Efficiency of gene expression programming in diameter-height modeling of Iranian oak (Quercus brantii Lindl).
measuring the height of all forest trees is a time-consuming and expensive operation, hence the use of diameter and height models to estimate the height of trees has been developed. The aim of this research is to investigate the efficiency of gene expression programming in diameter-height modeling of Iranian oak species (Quercus brantii Lindl) in high forests of Middle Zagros.
In order to carry out this research, by conducting numerous forest walk and getting to know the forests of the region, a stand with an area of approximately 5 hectares with a high forests vegetation structure was selected in the protected area of Sefid Koh Lorestan became. In this stand, the characteristics of DBH and total height of all Iranian oak trees whose DBH was more than 12.5 cm were counted 100%. A total of 642 trees were measured. In this research, 80% of the data was used for modeling and 20% for validation. The gene expression model with 3 genes and 100 chromosomes was implemented to investigate the relationship between height as a dependent variable and diameter as an independent variable. In order to evaluate the performance of the final model, RMSE, MAE and R2 criteria were used.
The model extracted from GEP justified 87% of the tree height based on the R2 value. The results of tree height-diameter modeling showed that the final model obtained has coefficient of explanation (R2), root mean square error (RMSE) and mean absolute value of error (MAE) 0.87, 1.3 and 0.97 respectively. is Also, the results of the criteria used to validate the obtained model showed that the extracted model has the coefficient of explanation (R2), root mean square error (RMSE) and mean absolute value of error (MAE), respectively 0.82 and 40. 1 and 1.06 could predict the height of trees.

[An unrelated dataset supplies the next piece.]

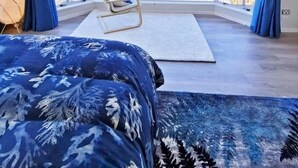 A bedroom with a large window, a bed, a chair, and a view of the landscape.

Overall, the results of this research showed that the model extracted from gene expression programming according to the R2, RMSE and MAE performance evaluation criteria has the ability to estimate the height of Iranian oak high forests in the middle Zagros vegetation zone. Therefore, this model can be used in the forest areas of the middle Zagros vegetation zone, which have the same structure and habitat conditions as the studied area. It should be noted that the present research only predicted the height of trees based on the DBH (independent variable), so it is suggested that in future researches, the generalized models of height and diameter, in which the variability of the habitat and stand Considering the stand variables other than tree diameter (basal area of stand, stand age, dominant height, dominant diameter, site index, etc.) are considered to be used. Also, in order to make a more accurate judgment about the performance of this program, it is better to compare and measure it with other estimation algorithms such as non-linear regressions, support vector machine, artificial neural network, etc. in future studies.